Chronic Exertional Compartment Syndrome Workup
- Author: Gregory A Rowdon, MD; Chief Editor: Craig C Young, MD more...
The diagnosis of chronic exertional compartment syndrome (CECS) may be one of exclusion, based on the clinical history, the physical examination findings, and the exclusion of various differential diagnoses. Compartment pressure readings with and without exercise are the gold standard for the diagnosis of CECS.[7, 8, 9]
Laboratory studies are generally not helpful, but specific tests may be ordered to help rule out other causes of lower leg pain on an individual case-by-case basis. Similarly, imaging studies are not helpful in the diagnosis of CECS but may help rule out related disorders.
Blood and Urine Studies
The following studies may be useful for excluding other diagnoses in patients with suspected CECS:
Serum creatine kinase (CK) and myoglobin level (identifies myopathy or rhabdomyolysis)
Urinalysis (UA) and urine myoglobin (rhabdomyolysis)
D-dimer level (deep venous thrombosis)
Complete blood cell count with differential (infection, osteomyelitis)
Complete metabolic panel (metabolic derangements, acidosis, hypercalcemia, hyperkalemia)
Thyroid-stimulating hormone (thyroid myopathy)
Erythrocyte sedimentation rate (ESR) (infection, rheumatologic conditions)
Lower-Extremity Imaging Studies
Imaging studies may help exclude related disorders in patients with suspected CECS. Anteroposterior, lateral, and oblique views may help rule out stress fractures. In addition, radiographs of the spine may help identify spinal stenosis or disc degeneration that may be the source of lower extremity pain.
Bone scanning helps exclude stress fracture, periostitis, and malignancy of the lower extremity. Ultrasonography can be performed to visualize blood flow (ie, to rule out hematoma, deep venous thrombosis, or vascular entrapment).
Computed tomography (CT) scanning and magnetic resonance imaging (MRI) can help rule other significant causes of chronic lower leg pain. MRI may be helpful in the diagnosis of CECS, although its exact role is unclear.
A study of thallous chloride scintigraphy with single-photon emission CT (SPECT) scanning showed that thallous chloride scintigraphy with SPECT scanning was a sensitive method of diagnosis. The study was able to show (1) reversible areas of ischemia in the affected compartment during exercise testing and (2) multiple compartments with elevated pressures. However, larger studies need to be conducted to prove the efficacy of this imaging modality in CECS.
Compartment Pressure Testing
Compartment pressure readings with and without exercise are the gold standard for the diagnosis of CECS. Pain reproduced during exercise in combination with elevated compartment pressures can confirm the diagnosis. If symptoms are not reproduced with exertion, the diagnosis is less certain.[7, 8, 9]
Most, but not all, sports medicine centers have the facilities to perform compartment pressure testing. Occasionally, the clinician may have to rely on history and physical examination findings. History and examination findings alone are not usually sufficient to confirm the diagnosis of CECS; however, some authors do not advocate measurement of compartment pressures when the findings of the history and clinical examination are clear and the patient is selected for surgery.
For this procedure, a large-bore needle or a wick catheter is inserted into the affected muscular compartment and is then connected to a solid-state pressure monitor. See the image below.
Compartment pressure testing must be performed under sterile conditions. The needle tip location, the depth of penetration, and the knee and ankle position are controlled to obtain reliable measurements. The anterior, lateral, and superficial posterior compartments are relatively easy to test; testing the deep posterior compartment is more difficult.
The generally accepted method of testing is to measure the resting compartment pressure, exercise the patient until a symptomatic level is reached, and then measure again, noting pressure readings at 1 minute and 5 minutes postexercise.
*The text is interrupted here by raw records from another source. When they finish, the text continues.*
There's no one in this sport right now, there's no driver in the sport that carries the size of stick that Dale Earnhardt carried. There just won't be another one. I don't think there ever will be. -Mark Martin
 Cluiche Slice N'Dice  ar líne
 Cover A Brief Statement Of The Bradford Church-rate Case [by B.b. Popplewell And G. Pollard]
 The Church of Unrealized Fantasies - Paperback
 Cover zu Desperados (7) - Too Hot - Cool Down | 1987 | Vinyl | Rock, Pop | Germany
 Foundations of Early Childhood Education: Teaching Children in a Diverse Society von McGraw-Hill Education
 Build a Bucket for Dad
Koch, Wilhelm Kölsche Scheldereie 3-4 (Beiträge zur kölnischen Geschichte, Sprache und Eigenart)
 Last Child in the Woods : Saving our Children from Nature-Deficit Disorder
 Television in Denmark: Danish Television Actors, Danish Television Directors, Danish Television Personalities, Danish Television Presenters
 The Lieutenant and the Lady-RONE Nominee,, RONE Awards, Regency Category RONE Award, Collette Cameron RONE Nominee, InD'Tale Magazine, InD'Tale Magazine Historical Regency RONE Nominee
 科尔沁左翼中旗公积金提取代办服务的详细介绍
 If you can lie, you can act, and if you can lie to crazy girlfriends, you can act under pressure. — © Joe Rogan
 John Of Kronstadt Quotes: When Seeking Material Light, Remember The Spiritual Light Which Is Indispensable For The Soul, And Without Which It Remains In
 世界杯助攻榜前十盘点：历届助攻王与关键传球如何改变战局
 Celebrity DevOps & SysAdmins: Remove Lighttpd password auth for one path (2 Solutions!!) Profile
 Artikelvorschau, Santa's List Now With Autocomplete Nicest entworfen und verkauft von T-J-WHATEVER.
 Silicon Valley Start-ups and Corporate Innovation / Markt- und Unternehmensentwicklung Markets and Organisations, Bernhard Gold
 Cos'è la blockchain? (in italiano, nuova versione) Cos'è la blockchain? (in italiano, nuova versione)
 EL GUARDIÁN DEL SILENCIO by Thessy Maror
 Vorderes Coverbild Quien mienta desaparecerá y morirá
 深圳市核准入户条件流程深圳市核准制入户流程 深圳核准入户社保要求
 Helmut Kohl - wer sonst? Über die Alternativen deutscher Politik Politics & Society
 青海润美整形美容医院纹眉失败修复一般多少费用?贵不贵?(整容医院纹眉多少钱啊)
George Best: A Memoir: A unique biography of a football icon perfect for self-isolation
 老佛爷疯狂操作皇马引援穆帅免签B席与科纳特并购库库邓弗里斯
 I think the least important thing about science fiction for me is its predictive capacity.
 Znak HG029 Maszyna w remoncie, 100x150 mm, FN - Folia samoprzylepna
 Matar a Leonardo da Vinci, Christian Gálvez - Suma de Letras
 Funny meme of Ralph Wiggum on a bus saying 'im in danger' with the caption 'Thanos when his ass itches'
Pedowitz et al defined the criteria for the diagnosis of CECS in the leg. One or more of the following is required:
A preexercise/rest pressure of 15 mm Hg or higher
A 1-minute postexercise pressure of 30 mm Hg or higher
A 5-minute postexercise pressure of 20 mm Hg or higher
Although the diagnosis of CECS) can be made if just 1 of the above criteria is met, the greater the number of criteria that are satisfied, the greater the confidence level of the diagnosis.
Nerve conduction studies may be helpful for detecting neurologic involvement of affected compartments. However, their role in the diagnosis of CECS is questionable. Such studies may be helpful for excluding other related disorders such as peripheral nerve entrapment. One study of pre- and postexercise electromyography demonstrated only a loss of the postexercise amplitude potentiation in patients with CECS compared with controls.